Teraz inny, ale pozytywny przykład. W 1960 roku Amerykanin z Michigan otworzył skromną restaurację i z niej czerpał tygodniowo 90 dolarów dochodu. Nie zrażał się tym, pracował, wymyślił i przyrządził smaczny pokarm zwany pizzą. Po dwudziestu pięciu latach miał już 2600 restauracji w pięćdziesięciu stanach Ameryki Płn. i w sześciu innych krajach, które przynosiły mu trzy i pół miliarda dolarów dochodu. Ale ten Amerykanin, Tomasz Monagham, nie skąpił grosza, nie wydawał pieniędzy na luksusowe budowle, modne samochody, ale przeznaczał je na służbę Bogu i ludziom. Z tego dochodu założył prawniczą szkołę „Ave Maria” w Ann Arbor, a także szkołę podstawową prowadzoną przez zakonnice. Powołał również do życia fundację i katolickie radio „Ave Maria”, wspierając organizacje katolickie, które bronią życia dzieci nie narodzonych. Jeszcze planował otwarcie uniwersytetu na Florydzie.
Przy tym bogactwie znalazł czas dla Pana Boga i własnej duszy. Codziennie czytał i rozważał Pismo Święte, codziennie odmawiał różaniec i przystępował do Komunii św. On pamiętał o słowach Chrystusa: „Czyńcie sobie przyjaciół z mamony... aby was przyjęli do wiecznych przybytków... Kto ma, temu będzie dodane”. Można by o nim powiedzieć: Oto prawdziwy uczeń Jezusa, w którym nie ma zdrady.
Są w Kościele Chrystusowym i ludzie odważni, z przekonaniami religijnymi, którzy potrafią publicznie przyznać się do wiary i jej przykazań, choćby ze stratą pewnych dochodów. Dziś niektóre media zajmują się nieustannie propagandą antykościelną i domagają się aborcji, eutanazji, wolnej miłości bez ograniczeń oraz usunięcia krzyża. Głoszą, że zasady moralne Kościoła katolickiego są już przestarzałe i nieżyciowe. Na tym tle katolicki polityk Rocco Buttiglione został publicznie ośmieszony przez przedstawicieli Parlamentu Europejskiego, dlatego że ośmielił się wyznać publicznie, że popiera katolicką naukę o małżeństwie jako związku mężczyzny i kobiety, a homoseksualizm nazwał grzechem. Za to wyznanie nie dopuszczono go do ważnego stanowiska w strukturach Unii Europejskiej.
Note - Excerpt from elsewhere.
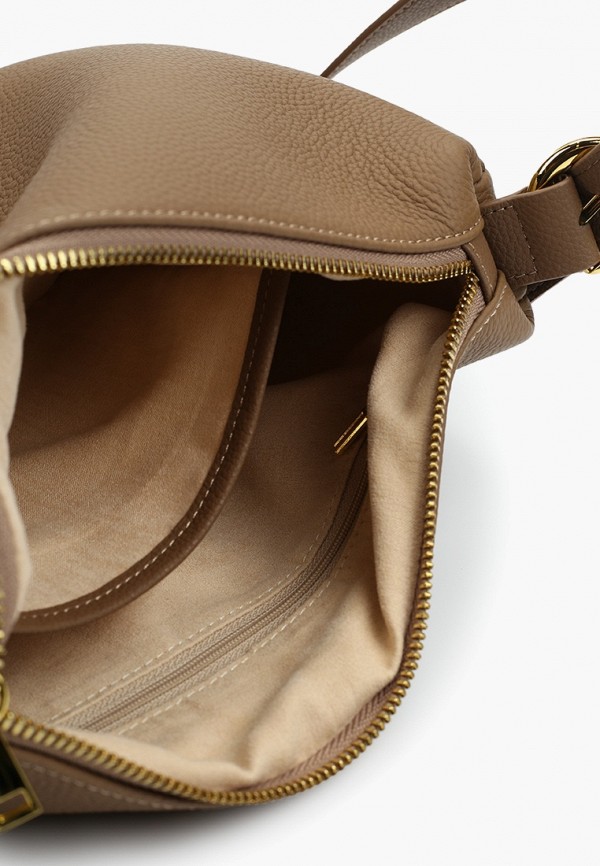 фото Сумка bocciolo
Obyśmy mieli więcej takich wyznawców, którzy nie są chorągiewkami na wietrze polityki i gospodarki, u których prawda stoi wyżej, aniżeli chwilowa korzyść. Ci, którzy decydują się, pod szyldem praworządności, na łapownictwo, pranie „brudnych pieniędzy”, kończą na aferach i nazwie: faryzeusz.
Módlmy się o ludzi z charakterem, bez obłudy udawania dobrego człowieka i takich wychowujmy w naszych rodzinach. Świat zdobywa się prawdą, a nie obłudą i kłamstwem. W duszpasterskim roku przeżywanym pod hasłem: „Bądźmy świadkami Miłości” potrzeba wyławiać nowych świadków, czyli głosicieli Boga, który jest Miłością i miłować swego bliźniego, stworzonego na obraz i podobieństwo Boże. Pamiętajmy o słowach Jezusa: „Kto się wywyższa, będzie poniżony, a kto się uniża, będzie wywyższony” (Łk 18, 14). I jeszcze o słowach: „Nie zdejmę krzyża z mojej ściany, za żadne skarby świata, bo nam nim Jezus ukochany grzeszników z niebem brata” - brata z niebem celników i faryzeuszów.